------ Data to process ------

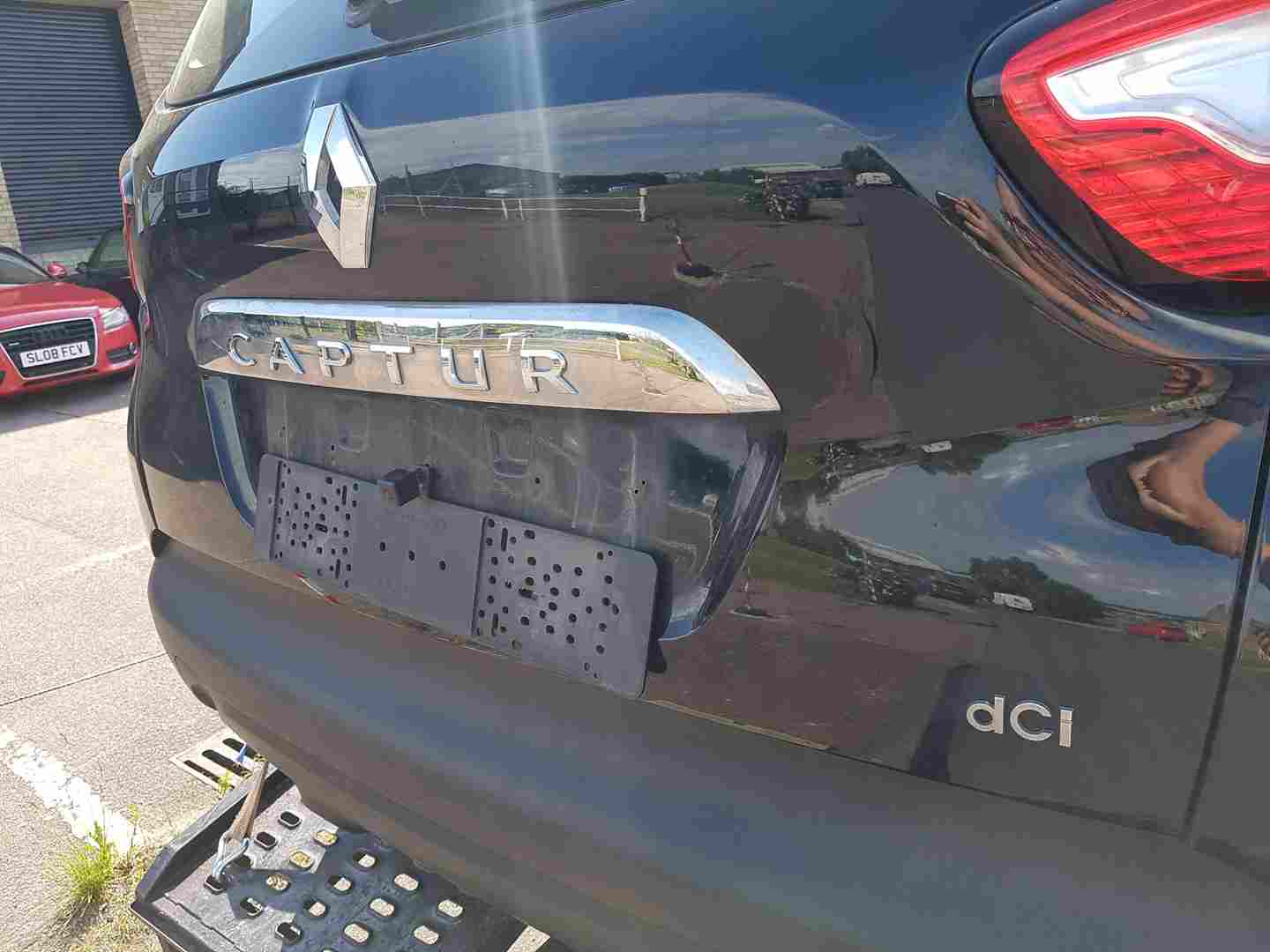 Thumb 4 Renault Captur 2013-2015 Rear Boot Tailgate Black Tegne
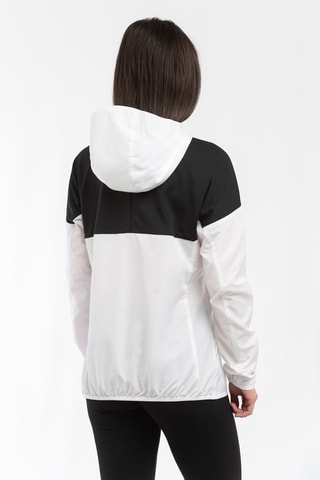 Cortavientos con capucha Hooded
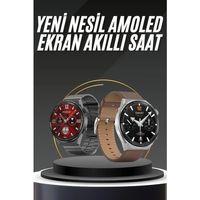 Çağrı Cevaplama Sesli Asistan Çoklu Dil Desteği 5.0 Bluetooth Akıllı Saat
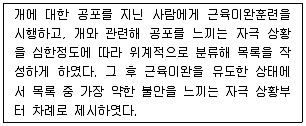 임상심리사 1급 2010년 1회 26번 문제 그림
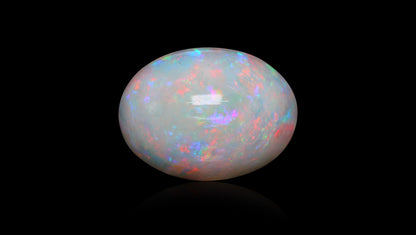 Natural Australian White Fire Opal 7.44 Carats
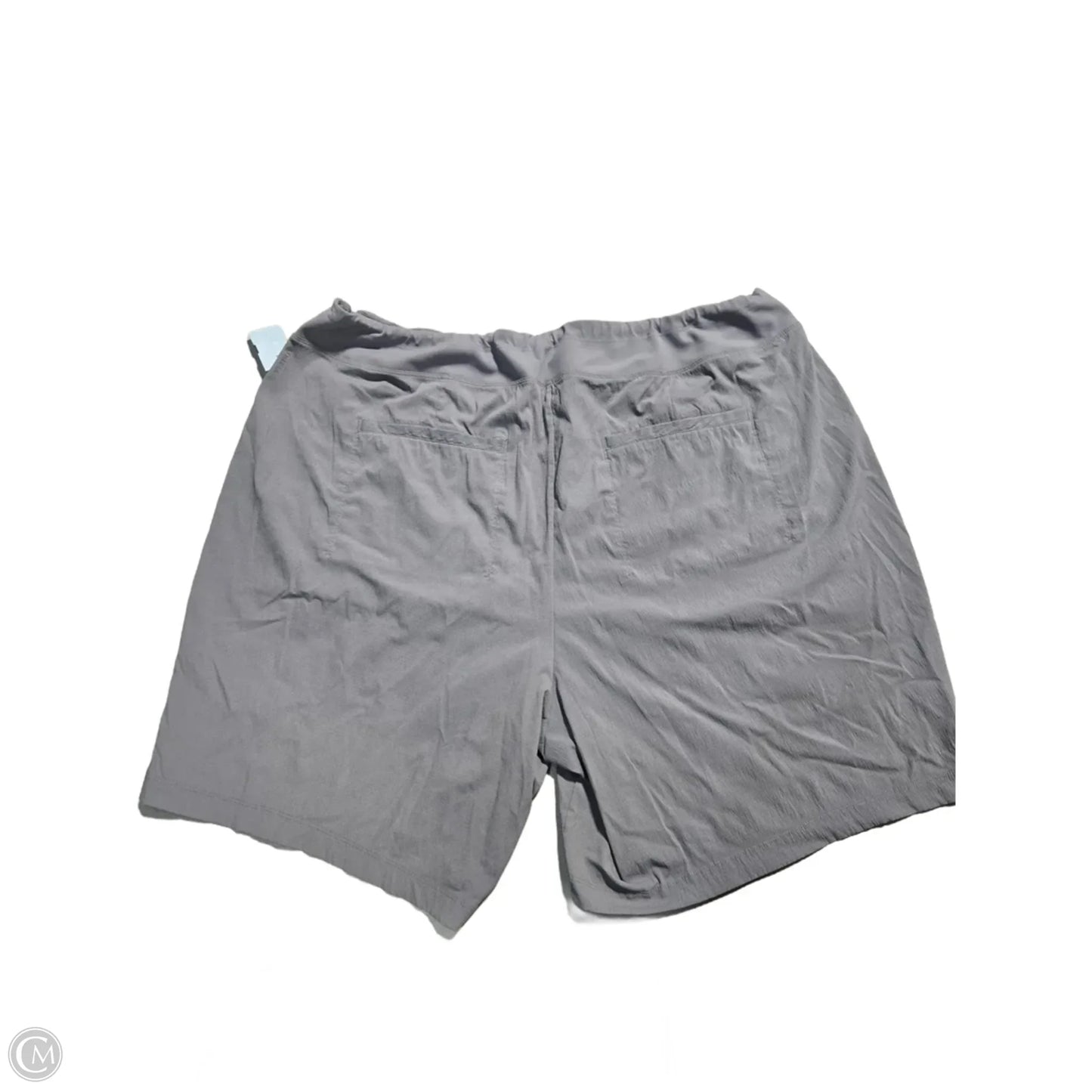 Athletic Shorts By Athleta In Grey, Size: 3x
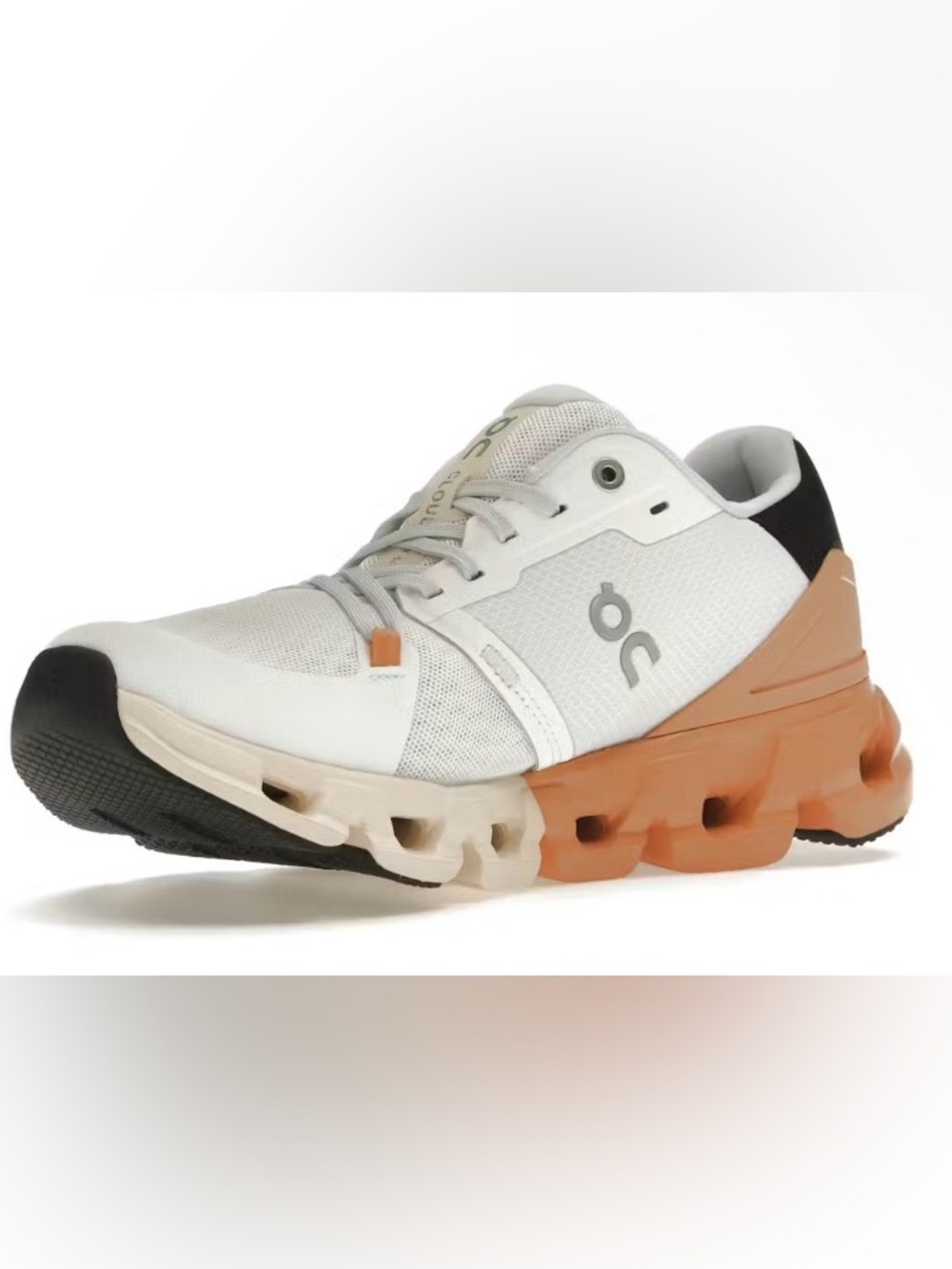 On Running Cloudflyer 4 White Copper Women’s Size 7.5 NWT Stability Shoes Rare - Picture 7 of 12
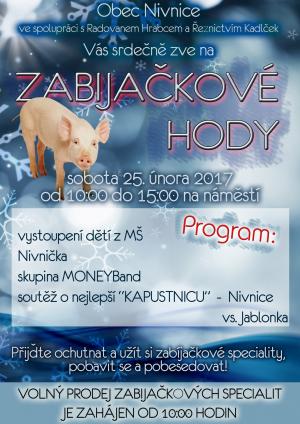 zabijačkové hody 2017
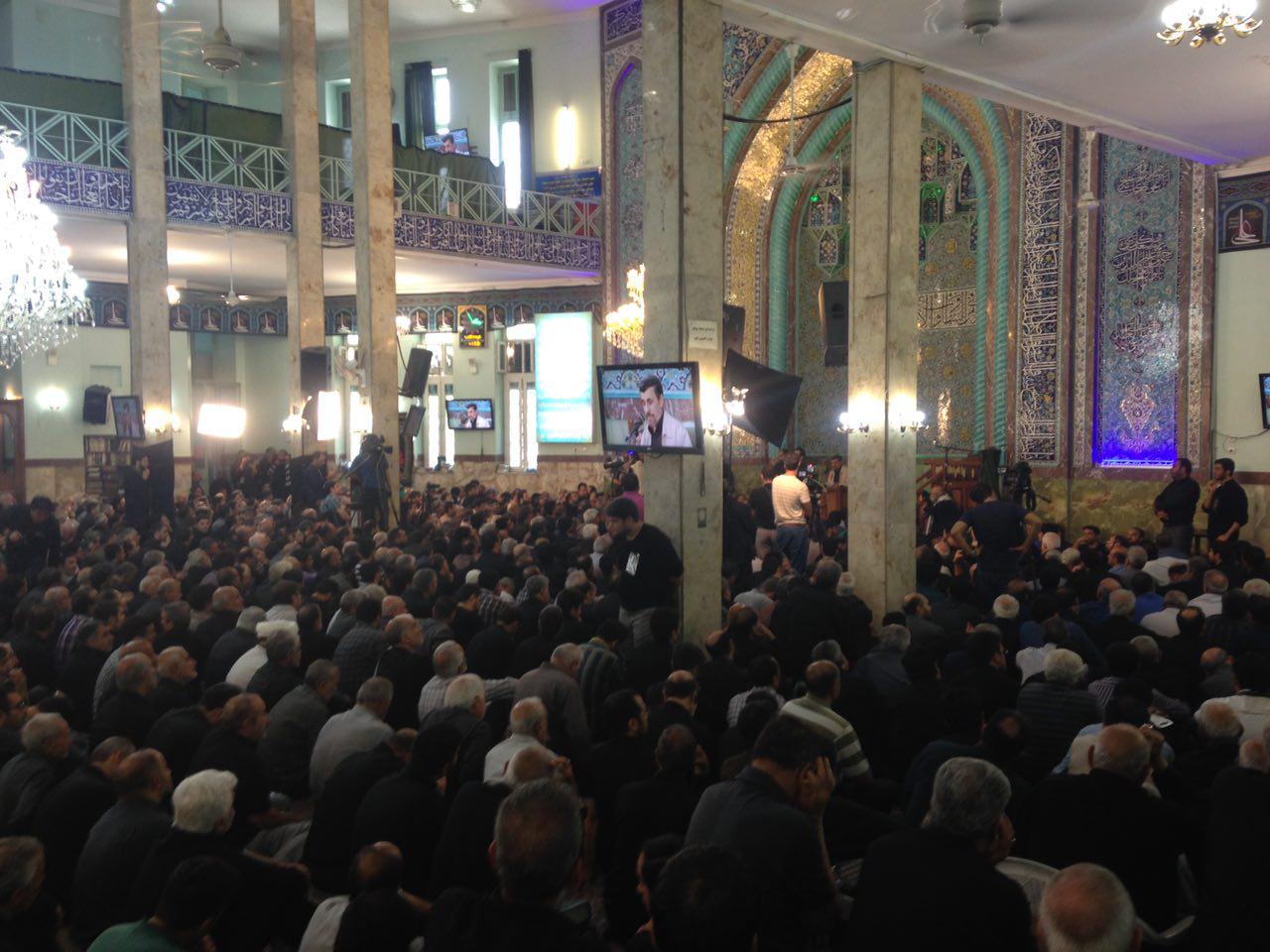 مشروح سخنرانی احمدی‌نژاد در مسجد نارمک+تصاویر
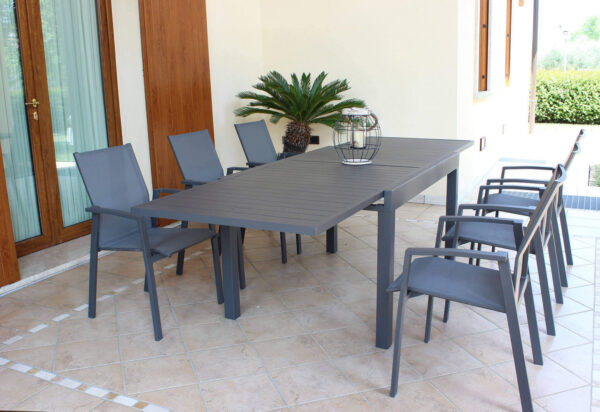 TAVOLO HAWAII 135/270 X 90 - immagine 6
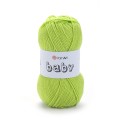 Włóczka YarnArt Baby 13854 / jasna zieleń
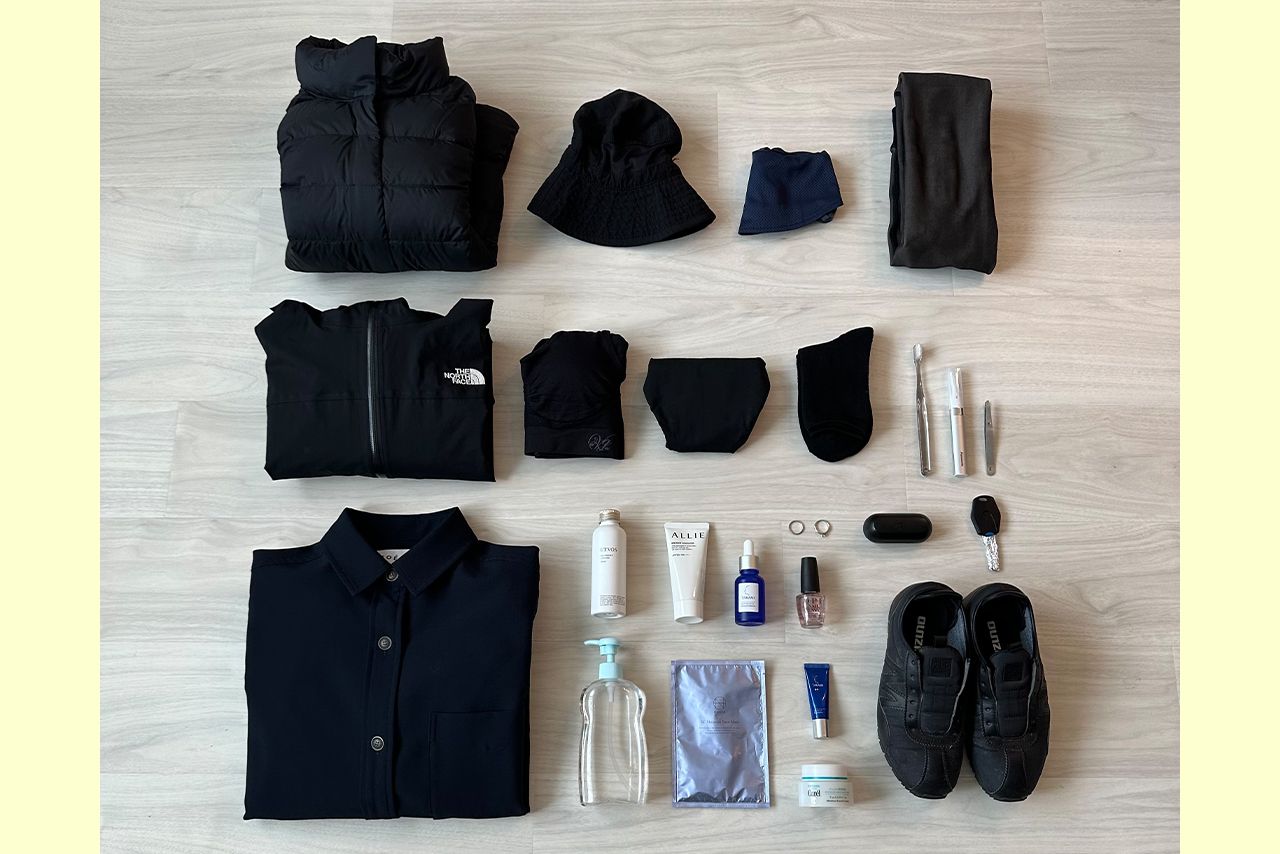 持ち物は40個ほど　画像提供／Nozomiさん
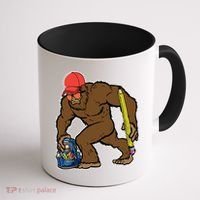 Bigfoot Funny Back To School Coffee Mug thumb 1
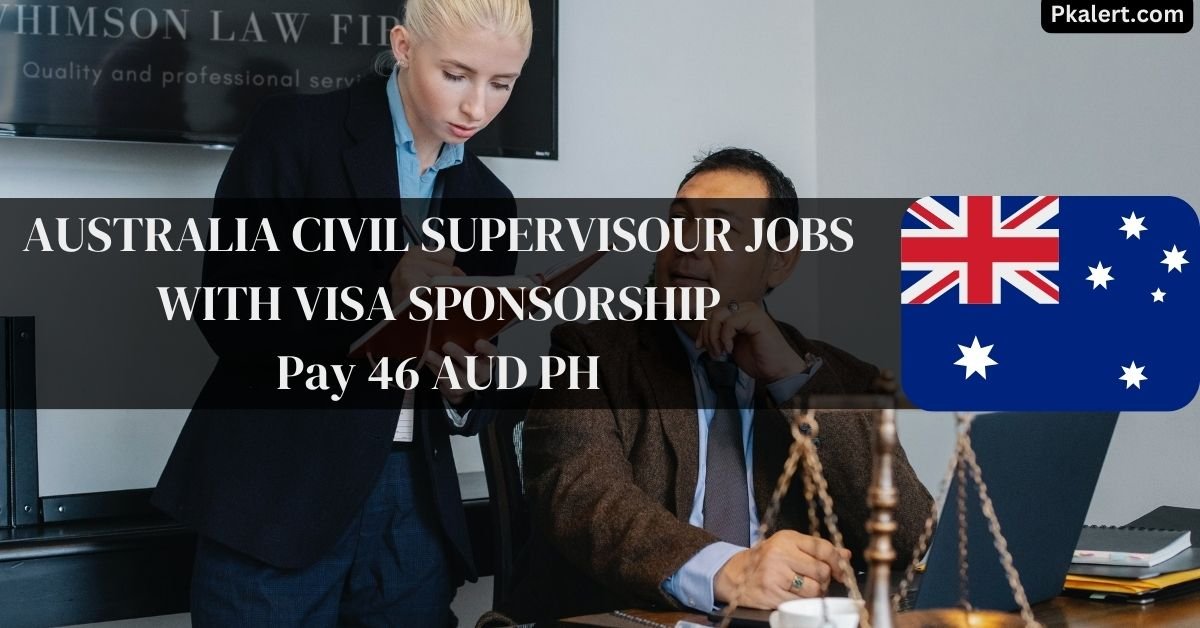 Civil Supervisor Job in Western Australia with Visa Sponsorship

------

Find the line containing "TAVOLO HAWAII 135/270 X 90 - immagine 6" in the listing above. Restate it and every line after it, word for word, through the final line, leaving out the pictures.

 TAVOLO HAWAII 135/270 X 90 - immagine 6
 Włóczka YarnArt Baby 13854 / jasna zieleń
 持ち物は40個ほど　画像提供／Nozomiさん
 Bigfoot Funny Back To School Coffee Mug thumb 1
 Civil Supervisor Job in Western Australia with Visa Sponsorship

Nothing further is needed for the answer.